Felix’s platform allows users to articulate processes in plain language, after which it automatically generates and deploys the necessary code to operate those workflows. The system is designed with built-in checkpoints, audit trails, and deterministic outputs, ensuring reliability in high-stakes environments where consistency and traceability are paramount. For instance, a risk management firm based in New York utilized Felix to clear a backlog of more than 50,000 mortgage insurance policies in just three weeks, a task that would have otherwise taken over a decade if performed manually. The system continues to operate autonomously to prevent future backlogs.
In contrast to conventional AI tools that rely on probabilistic outputs from large language models, Felix focuses on deterministic automation. This focus ensures that identical inputs yield consistent outputs, a critical requirement for sectors with legal, financial, and regulatory considerations. By confining AI reasoning to specific areas within workflows, Felix aims to reduce operational costs while enhancing reliability, especially in high-volume environments.
The company was co-founded by Tomas Scavnicky and Mato Vetrak, who previously developed legal workflow automation technology acquired by FileVine in 2025. Scavnicky and Vetrak recognized a broader opportunity to apply similar automation capabilities across various professional service sectors, where institutional knowledge often becomes fragmented and challenging to scale.

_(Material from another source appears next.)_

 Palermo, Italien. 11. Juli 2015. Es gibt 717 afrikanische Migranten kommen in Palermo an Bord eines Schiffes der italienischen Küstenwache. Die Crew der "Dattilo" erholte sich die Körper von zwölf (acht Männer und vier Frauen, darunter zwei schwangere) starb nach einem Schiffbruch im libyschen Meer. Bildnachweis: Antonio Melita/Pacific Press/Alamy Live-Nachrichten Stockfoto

Felix’s platform enables organizations to codify their internal processes into self-sustaining systems, effectively transforming institutional knowledge into repeatable and scalable operations. Additionally, it offers full auditability, allowing firms to track the decision-making process within each workflow. Early adopters of Felix have reported significant impacts; a UK-based insolvency claims firm used the platform to create a fraud detection engine that analyzed creditor claims at scale. Within eight weeks, the system identified £1.4 billion in recoverable assets by detecting fraudulent patterns across large datasets.
With the recent funding, Felix plans to expand its product capabilities while supporting growth in regulated industries where automation, compliance, and scalability are vital. In comments about the company’s vision, Scavnicky stated, “Every advance in AI is increasing individual productivity, but these gains are not being realized by institutions. We need to build the assembly line for knowledge work, one that requires no technical experience and enables institutions to retain tribal knowledge that may be spread across many different systems and databases.”
Co-founder and CTO Mato Vetrak added, “Most AI tools help you do the same work faster. We’re building the kind of safe, scalable and auditable infrastructure that high-stakes professional services can trust to codify who has the authority to, and how to make judgments about, different use cases, such as processing mortgage applications.”
Art Clarke, a partner at XYZ Venture Capital, expressed his enthusiasm for Felix, stating, “What drew us to Felix wasn’t just the technology, it was the insight and proven team behind it. Tomas and Mato recognized that the real bottleneck in professional services isn’t individual productivity, it’s institutional scalability.”
Matthew Letts, founder of Recourse Collective, further emphasized the platform’s transformative power, noting, “Felix gave us a way to do work that simply wasn’t possible before. Before we started working with Felix, we thought we might find millions in recoverable assets. But the scale that Felix gave us to automate big, thorny, repetitive tasks uncovered far more than we expected, making a massive difference for our business.”
As Felix moves forward with its ambitions, the company’s focus on deterministic automation could reshape workflows across multiple sectors, allowing organizations to harness their institutional knowledge while maintaining compliance and operational efficiency.